The largest US companies are expected to stage a repeat of strong profits growth when they announce earnings results over the next few weeks.
“According to analyst expectations, there appears to be enough left for a solid encore,” said Brian Hayes, an equity strategist at Morgan Stanley.
The first quarter ended a five-period streak of S&P 500 earnings declines that were worsened by the energy sector’s turmoil.
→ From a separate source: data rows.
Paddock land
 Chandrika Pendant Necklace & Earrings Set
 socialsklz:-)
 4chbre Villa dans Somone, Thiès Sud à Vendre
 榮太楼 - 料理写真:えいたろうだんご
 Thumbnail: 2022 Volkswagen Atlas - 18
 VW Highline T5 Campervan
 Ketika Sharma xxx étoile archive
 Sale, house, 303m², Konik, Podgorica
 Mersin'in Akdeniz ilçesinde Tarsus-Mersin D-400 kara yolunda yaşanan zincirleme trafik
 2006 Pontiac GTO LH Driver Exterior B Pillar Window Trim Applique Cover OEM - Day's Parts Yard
Analysts expect a repeat of earnings growth, even if it’s not by as much.
Companies that have already reported, whose second quarters end in May and not June, are hinting at strong results for the rest of the pack. “So far, 78% of companies have beaten on EPS, 78% have beaten on sales and 70% have beaten on both–the best results we‘ve seen since we began tracking data for the early reporters in 2012,” said Savita Subramanian, the head of equity and quant strategy at BAML, in a note on Friday. “This suggests beats could be widespread this quarter.”
PepsiCo will on Tuesday kick off the heavy reporting season for the S&P 500, followed by Delta Air Lines on Thursday, and three of the big banks — JP Morgan, Wells Fargo, and Citigroup — on Friday.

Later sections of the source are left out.